History: 2013 a. 271
; 2015 a. 195
Annuity contracts without life contingencies. 632.66(1)(1)
The commissioner may by rule authorize insurers to issue annuity contracts which are without life contingencies. If the commissioner authorizes insurers to issue annuity contracts without life contingencies, the commissioner shall promulgate rules regulating those contracts.
In this subsection, “funding agreement” means an annuity without life contingencies that is an agreement for an insurer to accept and accumulate funds and to make one or more payments at future dates in fixed or variable amounts, or both, that are not based on mortality or morbidity contingencies.
A domestic insurer that holds a valid certificate of authority to transact the business of life insurance and annuities in this state may issue a funding agreement if all of the following conditions are met:
The domestic insurer's board of directors, or an authorized committee of the board, approves the domestic insurer's plan relating to funding agreements.

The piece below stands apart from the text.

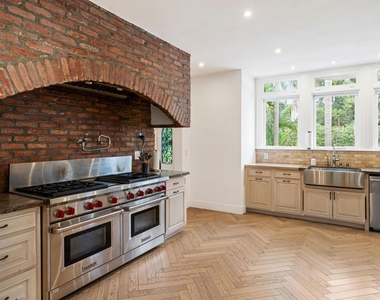 9451 Sunset Boulevard - Photo Thumbnail 15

The commissioner determines that the issuance of funding agreements by the domestic insurer is not adverse to the interests of the policyholders of the domestic insurer, except that no determination from the commissioner is required if the domestic insurer has more than $200 billion in admitted assets. In making a determination under this subdivision, the commissioner shall consider the domestic insurer's specific policy objective and strategies, investment and risk management guidelines, and aggregate maximum limits on the funding agreement business.
No amounts may be guaranteed or credited under the funding agreement except upon reasonable assumptions as to investment income and expenses and on a basis equitable to all holders of a given class of the funding agreement.

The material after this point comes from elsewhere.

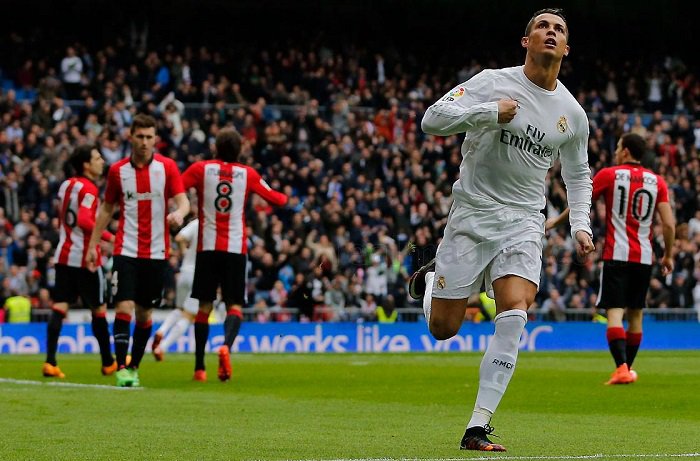 El renacido Cristiano Ronaldo hace fuerte al Real Madrid (4-2)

The domestic insurer complies with the form filing requirements under s. 631.20
with respect to the funding agreement.
The issuance or delivery of a funding agreement by an insurer in this state shall constitute doing an insurance business herein.
A domestic insurer may offer funding agreements directly through the domestic insurer and is not required to use licensed intermediaries when marketing funding agreements.

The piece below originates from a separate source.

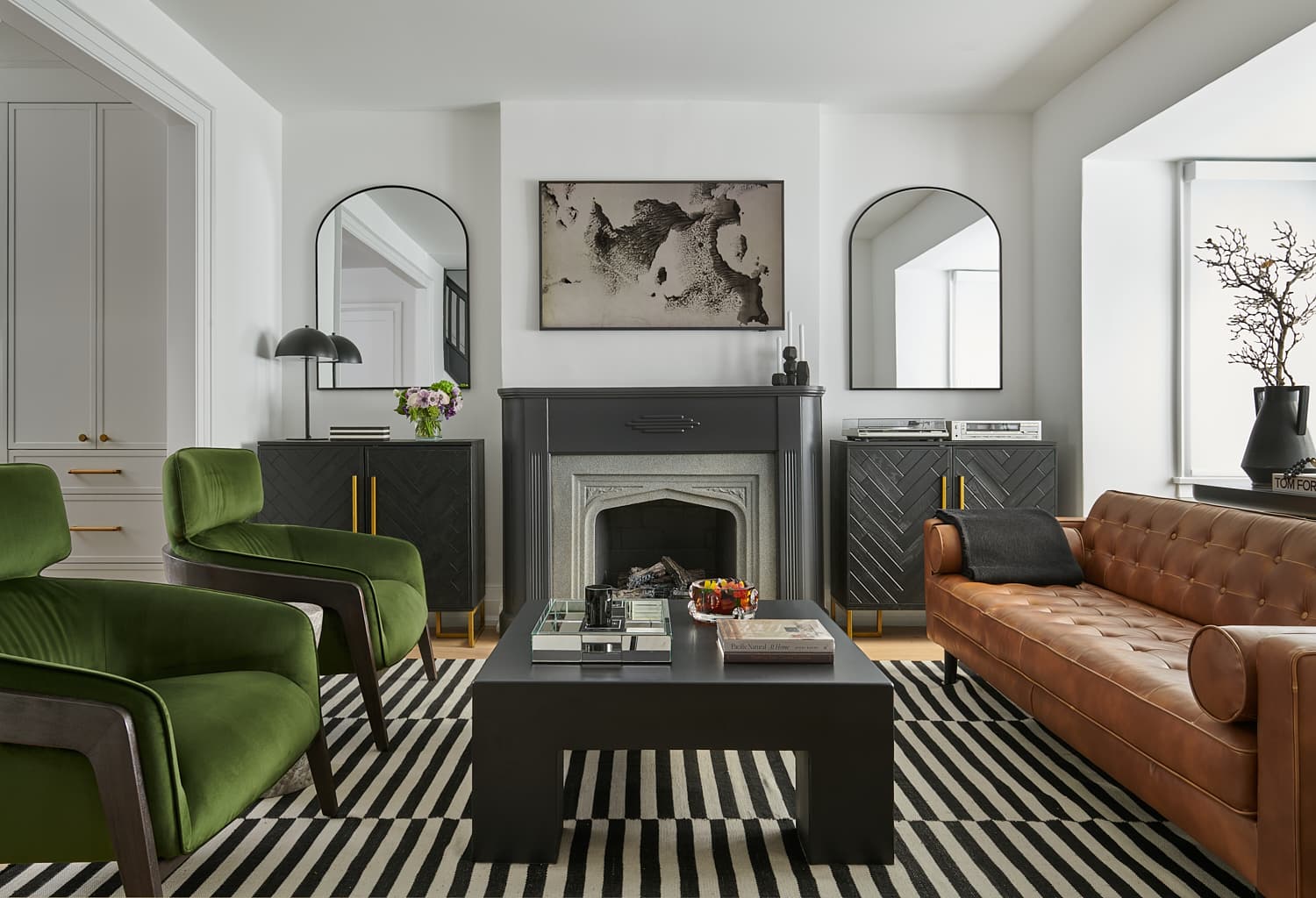 mid-century mid-century modern room designed by Homekin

Amounts paid to the domestic insurer, and proceeds applied under optional modes of settlement, under funding agreements may be allocated to one or more separate accounts pursuant to s. 611.24
Notwithstanding ch. 551
, the commissioner has sole authority to regulate the issuance and sale of funding agreements, including the persons selling funding agreements on behalf of insurers.
Notwithstanding s. 601.465 (1m)
and subch. II of ch. 19
, any materials submitted to the commissioner pursuant to an approval under par. (b) 2.
or pursuant to a request from the commissioner related to a funding agreement shall be held confidential pursuant to s. 601.465 (1n)
The commissioner may promulgate rules as necessary for the implementation of this subsection.
History: 1987 a. 247
; 2021 a. 114
See also s. Ins 6.75
, Wis. adm. code.
Effect of power of attorney for health care.
Executing a power of attorney for health care under ch. 155
may not be used to impair in any manner the procurement of a life insurance policy or to modify the terms of an existing life insurance policy. A life insurance policy may not be impaired or invalidated in any manner by the exercise of a health care decision by a health care agent on behalf of a person whose life is insured under the policy and who has authorized the health care agent under ch. 155
History: 1989 a. 200
Life settlements. 632.69(1)(a)
“Advertisement" means any written, electronic, or printed communication or any communication made by means of recorded telephone messages or transmitted on radio, television, the Internet, or similar communications media, including film strips, motion pictures, and videos, published, disseminated, circulated, or placed, directly or indirectly, before the public in this state for the purpose of creating an interest in or inducing a person to purchase or sell, assign, devise, bequeath, or transfer the death benefit or ownership of a policy or an interest in a policy pursuant to a life settlement contract.
“Broker" means a person who, on behalf of an owner and for a fee, commission, or other valuable consideration, offers or attempts to negotiate life settlement contracts between an owner and one or more providers, or one or more brokers. “Broker" does not include an attorney or certified public accountant who is retained to represent the owner and whose compensation is not paid directly or indirectly by the provider or purchaser.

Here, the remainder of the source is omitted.